A moda dos food trucks, por exemplo, parece ter retrocedido. No auge, tinha algo de contraditório, não sei bem.

Ilustração
André Stefanini/Folhapress

Em tese, tudo deveria resumir-se a uma Kombi parada perto de uma faculdade ou estação de metrô, pronta a oferecer um gênero só de comida a quem esteja de passagem.

Deve ter havido excesso de oferta. Em São Paulo, foi comum encontrar verdadeiros estacionamentos de food trucks, como praças de alimentação ao ar livre. Compareci a um ou dois festivais dessas viaturas em áreas livres de shopping center.

Talvez se tratasse de comida muito cara ou incomum, sem poder para substituir o velho hot dog prensado ou o milho fervido.

Há algo de pretensioso nos food trucks, mas não a ponto de impedir, acho, a disseminação que eu esperava. Acho que esta não aconteceu.

Não conheço estatísticas, mas vi o número de bancas de jornal diminuir muito ao longo do ano. As mais importantes reduziram seu horário de funcionamento. Claro, se as revistas desaparecem, e as próprias editoras entram em recuperação judicial, o futuro das bancas está praticamente selado.

Estive em Nova York há alguns meses, e fora as lojas em aeroportos e estações de trem, era quase impossível achar uma banca.

Na década de 1970, quando os cabelos compridos eram regra, não sei quantas barbearias tiveram de fechar pela diminuição da clientela.

Este ano presenciou o fenômeno inverso em São Paulo. Surgiram barbearias de luxo, com o clássico poste giratório vermelho e branco dos filmes americanos.

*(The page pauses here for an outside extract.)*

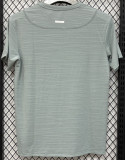 T3318 NK Gray Blue High Quality Casual T-Shirt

Entrei numa pensando que era lanchonete; talvez fosse, ao mesmo tempo.

São como parques temáticos da masculinidade hollywoodiana: uma Harley Davidson decorativa convive com alvos para jogo de dardo, tacos de beisebol e pôsteres de John Wayne.

Oferecem café expresso, ou cappuccino —não mais o habitual resto de garrafa térmica em copinhos de plástico.

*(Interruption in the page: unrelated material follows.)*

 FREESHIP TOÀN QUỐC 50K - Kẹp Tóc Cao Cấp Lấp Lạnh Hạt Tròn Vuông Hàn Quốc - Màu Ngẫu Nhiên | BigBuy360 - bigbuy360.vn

Talvez algumas dessas novas barbearias também contem com um barman; ao menos uma dose de "Bourbon" puro, a ser ingerida de uma virada, pode constar como cortesia da casa.

Toda essa machice disfarça, naturalmente, o que está em curso de fato. A moda é usar barbas cada vez mais elaboradas, com bigodes retorcidos em espiral, ao estilo da Paris do Segundo Império. Suíças austríacas e mesmo bigodes em "W", como os do kaiser Guilherme 2º, impuseram-se sobre o rosto dos homens mais jovens, sem distinção de hétero ou homossexualidade.

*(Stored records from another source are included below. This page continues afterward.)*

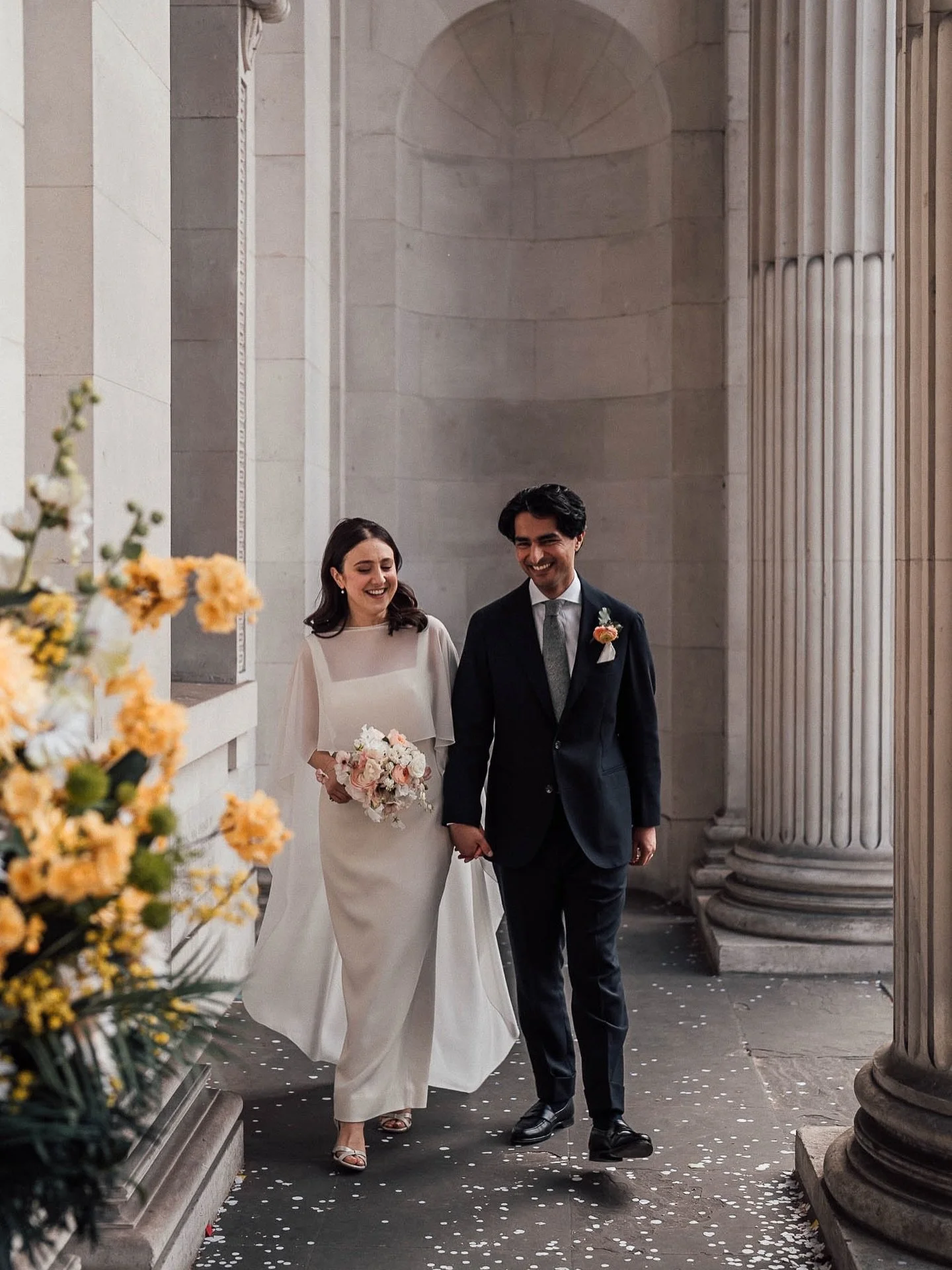 Danielle + Suley just after their lovely wedding ceremony at @adaytorememberlondon.
.
.
.
.
.
#londontownhallwedding #londonweddingphotographer #oldmarylebonetownhall #oldmarylebonetownhallwedding #marylebonetownhall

É como se uma parcela dos gays abandonasse o visual adolescente e andrógino para efetuar, digamos, a vingança do tataravô reprimido em sua preferência pelos costumes vitorianos.

Nessa linha, o "steampunk" parece encarnar não a simples nostalgia pelo século 19, mas uma espécie de recuperação dos tempos em que o capitalismo industrial guardava espaço para o pensamento utópico.

É como se um escocês de 1850 se entusiasmasse loucamente pelas promessas do vapor e do petróleo, de Darwin e de Marx, imaginando-se como um ser humano reconstruído, dotado de órgãos artificiais —impossíveis de moldar pelas atuais técnicas da clonagem, mas produzidos com arame, cobre, couro e ferro.

A barba antiquada, assim como os cortes de cabelo cada vez mais assimétricos, dá origem então a um "passadismo revolucionário" que parece contestar a "modernidade reacionária" de nossos empreendedores liberais.

Lucram as barbearias, sem dúvida. Tornam-se salões clandestinos de beleza, pondo à venda linhas e mais linhas novas de cremes, loções e vaselinas heterossexualiformes.

Os serviços são anunciados, também de modo retrô, em lousas pretas caligrafadas a giz.

Esta é mais uma novidade que vim a perceber em 2018: todo restaurante ou lanchonete agora dispõe de um artista competente para traçar cardápios decorativos na parede.

Nada dos velhos "inhoque" e "comercial" pintados de branco por cima de um painel da Coca-Cola. O modesto e caseiro sistema da lousa preta se renova, como quem não quer nada, em sofisticações de designer gráfico e comic-art.

Mais uma vez, é o passadismo que se torna "cool". O tradicionalzão se recicla em esbelteza e insolência, com Dickens falando ao celular e a princesa Isabel vestindo calças de couro.

Ah, o número de crianças pedindo esmola na rua voltou também a aumentar neste ano. Dickens está com tudo.